Menu
Libération
Analyse

Face à Hamid Karzaï, Barack Obama reste en retrait

Réservé aux abonnés

A la Maison Blanche, le président afghan a tenté de convaincre son homologue américain de conserver des troupes en Afghanistan après 2014.

Le président afghan, Hamid Karzaï, et son homologue américain, Barack Obama, vendredi, à la Maison Blanche. (Photo Jason Reed. Reuters)
ParLorraine Millot
Correspondante à Washington
Publié le 11/01/2013 à 21h56

L’effort était manifeste : toujours très avare de son temps, Barack Obama a ostensiblement consacré toute sa matinée de vendredi, son déjeuner, puis encore une conférence de presse à son homologue afghan, Hamid Karzaï. Une attention qui se veut appuyée pour tenter de sauver ce qui peut l’être d’une relation à la fois cruciale et délétère. Après avoir fait de la guerre en Afghanistan la priorité de son premier mandat, Obama, découragé par le coût énorme de cette entreprise et des résultats pour le moment très aléatoires, est tenté par un retrait aussi rapide et complet que possible.
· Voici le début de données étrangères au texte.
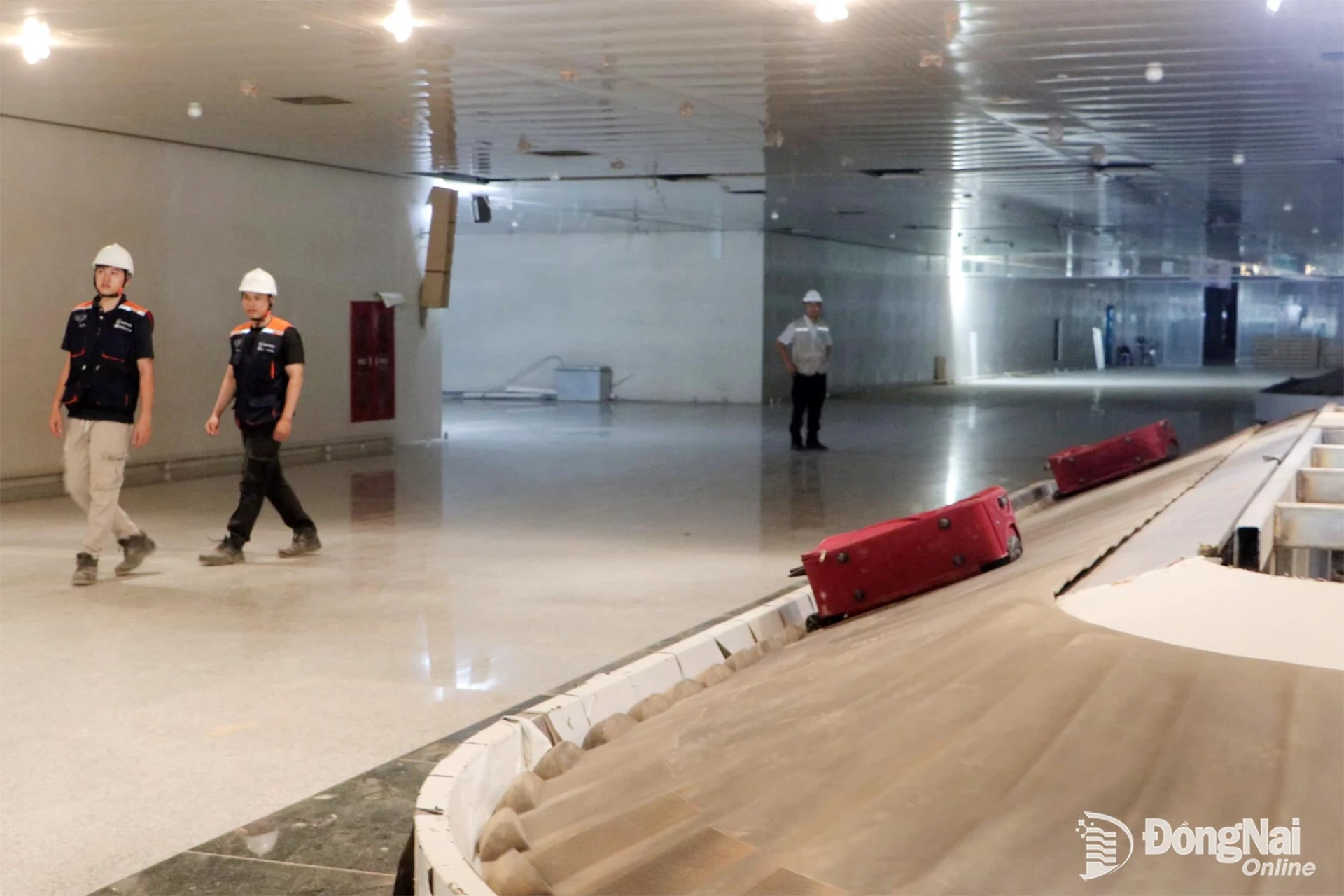Baggage conveyor systems undergo trial runs at Long Thanh Airport. Photo: Pham Tung

A l'issue de leurs entretiens à la Maison Blanche, les deux présidents ont assuré vouloir poursuivre leur «partenariat». Ils se sont félicités que l'armée afghane mène déjà près de 80% des opérations en cours sur le terrain, indiquant que celle-ci pourra assurer la responsabilité de toutes les opérations «dès le printemps prochain».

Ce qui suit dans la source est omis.